Debussy: Images; Jeux; wals La plus que lente (bew). San Francisco symfonie orkest o.l.v. Michael Tilson Thomas, San Francisco Symphony 821936-0069-2 (60’21”). 2013/4
Neem Debussy’s Jeux. Van alle drie de balletten is dit het enige dat hij zelf voltooide. Het was ook zijn enige opdracht van de grote Russische impresario Diaghilev met een choreografie van Nijinsky. De eerste uitvoering was geen groot succes en het stuk raakte in de vergetelheid tot in de jaren vijftig vorige eeuw toen de technische elementen een lichtend voorbeeld werden voor de Europese avant-garde, aangevoerd door Pierre Boulez.

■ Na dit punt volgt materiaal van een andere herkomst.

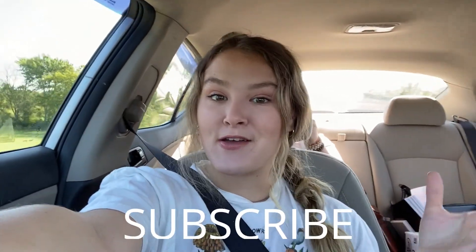I'm really excited and if you guys are new to my channel, don't forget to subscribe and if you like this video, don't forget to give it a thumbs up. All right, see you guys soon.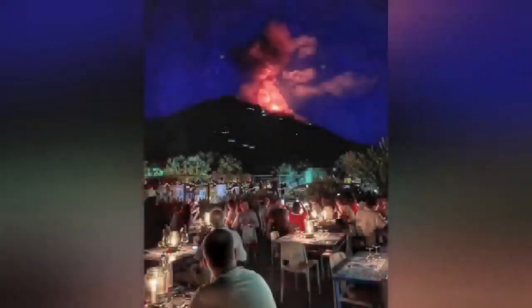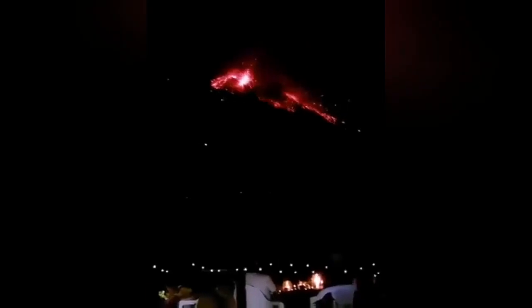This eruption happened in this situation, in this setting. Listen and watch. You could even hear the sound of the sonic boom of the eruption. I will play it again for you so you can listen to it right now.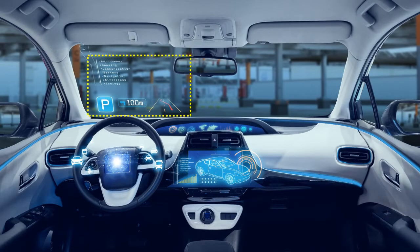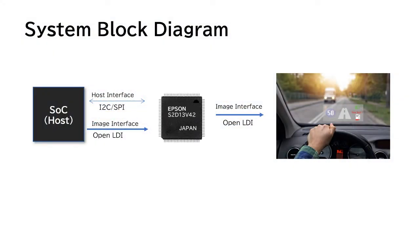Head-up displays have become increasingly popular in recent years as they allow drivers to see necessary information with a small shift in perspective. The number is expected to increase further in the future. Epson's S2D13V42 is a dedicated controller IC for head-up displays. The video interface and host interface use industry standard interfaces.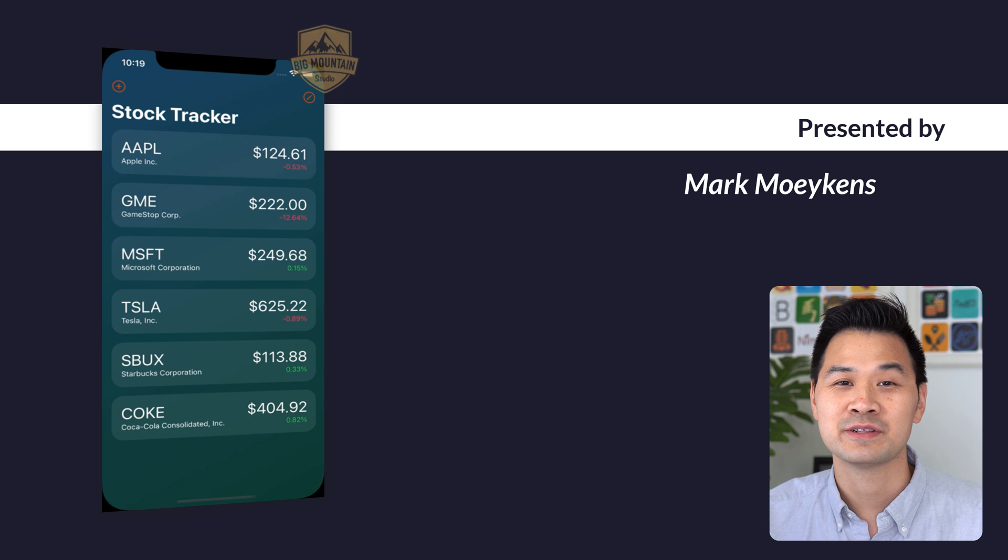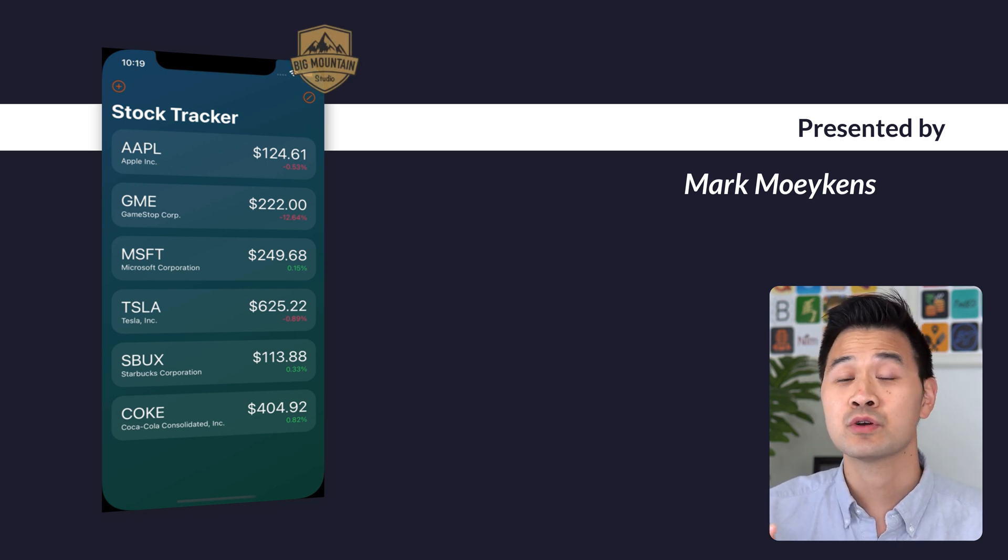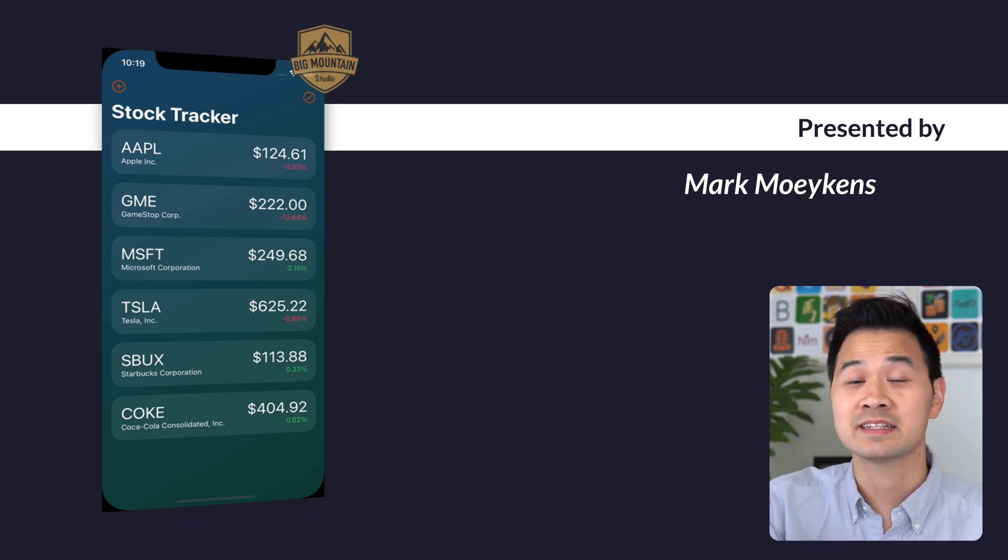Shout out to Mark from Big Mountain Studios for his support and for participating in this challenge. He's made the source code for his project available on his Patreon. Link in the description below.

Het aanvankelijke fiasco lag waarschijnlijk aan twee factoren. Het werk werd in de schaduw gesteld door de spraakmakende première van Stravinsky’s Sacre twee weken later. Bovendien was het met net geen twintig minuten niet alleen te kort met slechts twee dansen maar ook te schamel van inhoud.

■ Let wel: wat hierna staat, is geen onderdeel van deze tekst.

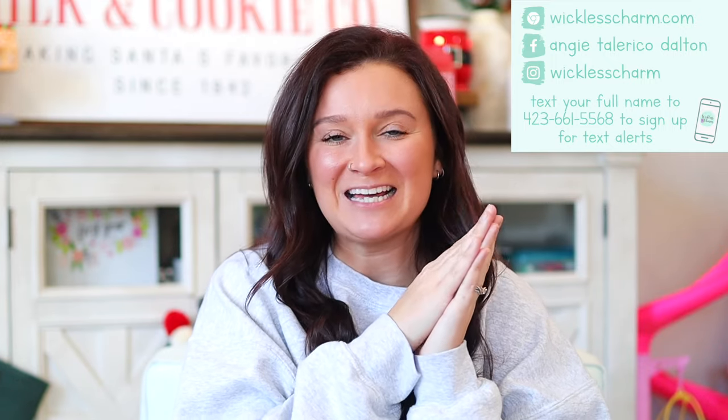Hey guys, welcome back to my channel! Today's video is all about the January scent and warmer of the month. This is a very special monthly specials video because I have news and I'm excited to show you. Before we dive in, hello or welcome if you're new here — please subscribe if you haven't already. If you want to become a weekly storm VIP, the link to my Facebook group is down below. Also, don't forget to subscribe to my weekly email newsletter because I have a special perk for new subscribers.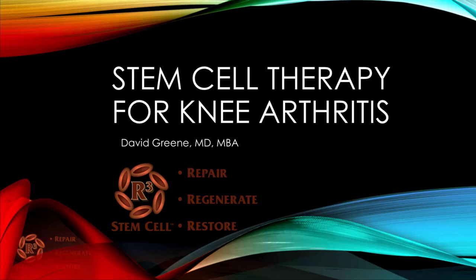Hello, this is Dr. David Green, CEO of R3 Stem Cell. Today's topic is Stem Cell Therapy for Knee Arthritis.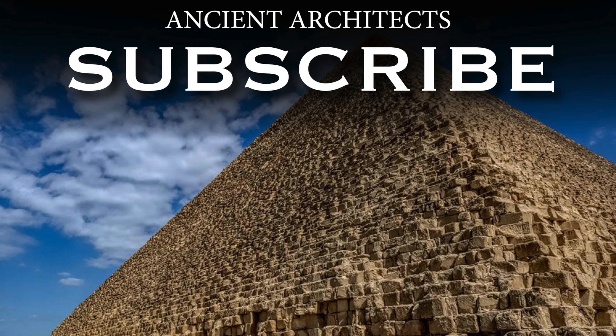Thank you very much for watching this episode of Ancient Architects. If you enjoyed the video, please subscribe to the channel, please like the video and please leave a comment below. Thank you very much.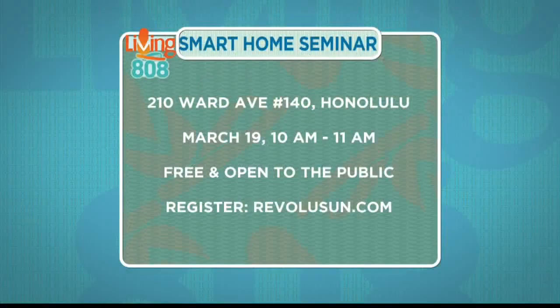Revolution offers free smart home seminars at their innovation center on Ward Avenue. The next seminar is on Saturday, March 19th at 10 a.m. You can register at revolution.com.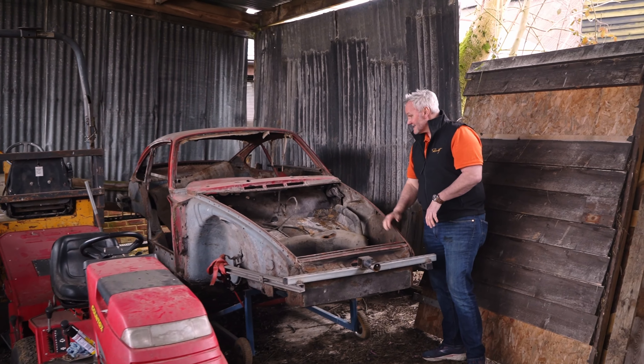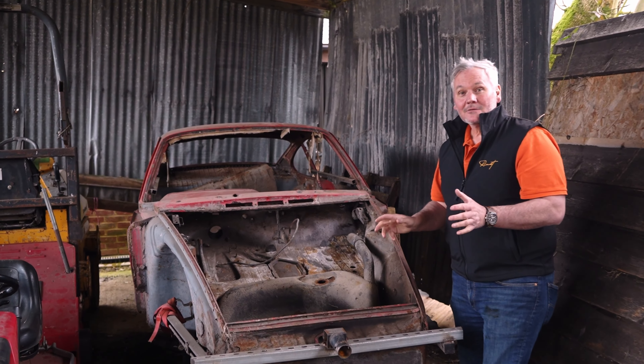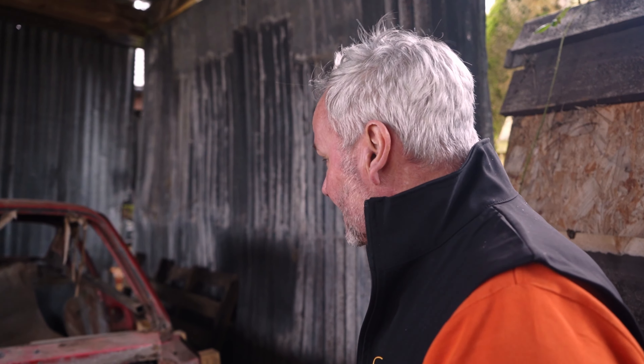What do we know? This is a '65 right-hand drive 912 that we believe we can turn into an FIA race car. We've got to do a little bit of research about that, but it is a matching numbers '65 912. Again, one of the best finds we've come up with — Dave turns up a lot of nice cars for us.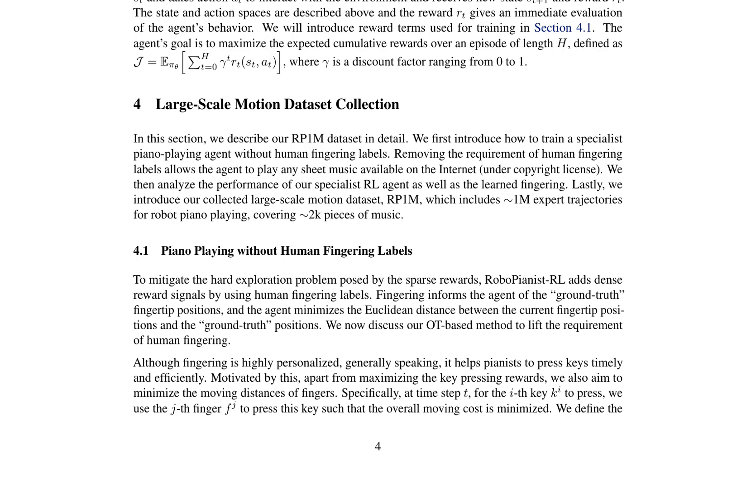The performance of the specialist RL agent is analyzed, showing that the agent can learn to play complex pieces without human fingering labels. The learned fingering is also analyzed, demonstrating that the agent can automatically discover appropriate fingering strategies. The RP1M dataset provides a valuable resource for future research on dexterous robot hands, enabling the training of agents that can perform complex bimanual manipulation tasks efficiently.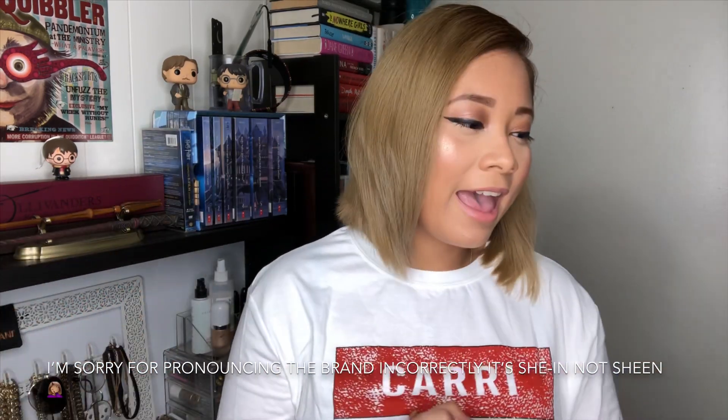Hey guys, welcome back to my channel, I hope you guys are doing amazing. If you're new, welcome — my name is Kelly and today's video is going to be a Shein haul fall edition. So if you want to know what I got, just keep on watching. This is my first time buying from Shein. I actually made three separate orders from this company and I wasn't sure what to expect. Just a heads up — it's not high end; you're getting what you're paying for.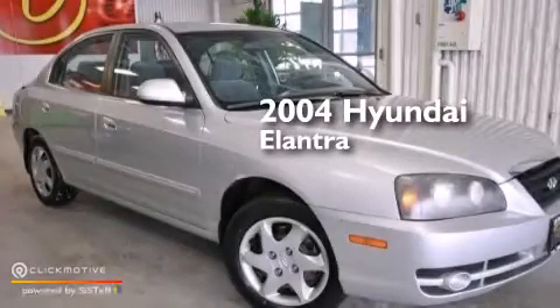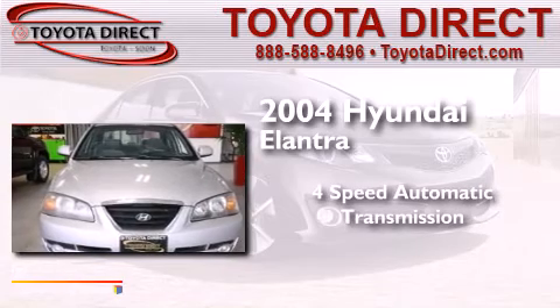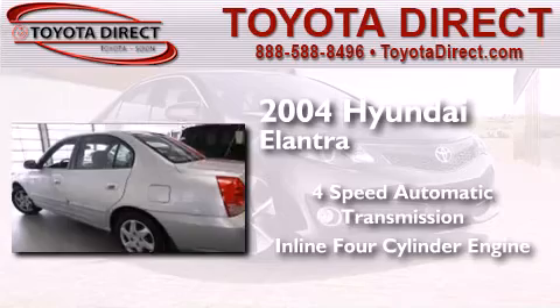This is a 2004 Hyundai Elantra. This four-door sedan has a four-speed automatic transmission and an inline four-cylinder engine.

Het ballet begint bij zonsondergang in een tuin waar een jongen en een meisje zoeken naar een verloren bal. Ze spelen spelletjes die steeds erotischer worden tot een tweede tennisbal voor hun voeten landt en de betovering wordt verbroken, waarna ze verschrikt wegrennen in de nacht.
Misschien werkte het ingehouden karakter van de muziek met ongrijpbare melodieën en texturen ook niet mee. Het begin is heel raadselachtig voordat de spelletjes beginnen en flarden van thema’s gaan rondwervelen, even naar de achtergrond wijken en weer heviger tevoorschijn komen, maar pas de volle aandacht krijgen in de haast uitzinnige wals aan het slot.

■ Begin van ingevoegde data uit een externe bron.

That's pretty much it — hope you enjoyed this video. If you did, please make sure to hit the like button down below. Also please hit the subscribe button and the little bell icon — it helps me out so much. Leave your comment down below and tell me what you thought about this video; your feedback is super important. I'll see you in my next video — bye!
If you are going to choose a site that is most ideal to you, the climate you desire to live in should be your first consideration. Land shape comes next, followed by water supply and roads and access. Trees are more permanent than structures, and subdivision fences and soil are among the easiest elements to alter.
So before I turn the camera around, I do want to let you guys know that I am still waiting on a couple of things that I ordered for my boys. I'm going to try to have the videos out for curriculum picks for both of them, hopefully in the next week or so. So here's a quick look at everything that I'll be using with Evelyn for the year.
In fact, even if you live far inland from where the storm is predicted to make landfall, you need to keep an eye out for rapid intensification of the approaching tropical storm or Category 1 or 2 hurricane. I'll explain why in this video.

Het was Victor de Sabata die in 1947 voor een der eerste geslaagde opnamen van het werk zorgde (Testament SBT 1108). Daarna volgden Haitink (Philips 438.742-2), Martinon (EMI 365.235-2), maar nu lukt het ook Tilson Thomas om dit vrij lastig in al zijn gelaagdheid te realiseren werk door een combinatie van precisie en plooibaarheid op betoverende wijze te realiseren. Hij zorgt er ook voor dat de individuele kleur timbres heel mooi en helder klinken. Maar ook het licht atletische karakter van de sportieve kinderen wordt goed getroffen.
Geen wonder dat zo’n aanpak ook de stemmingsbeelden van de Images ten goede komt en de zeseneenhalve minuut van het kort na de Préludes in 1910 geschreven pianowerk La plus que lente klinkt heel kleurig en sfeervol. Een wonderwel gelukt Debussyprogramma.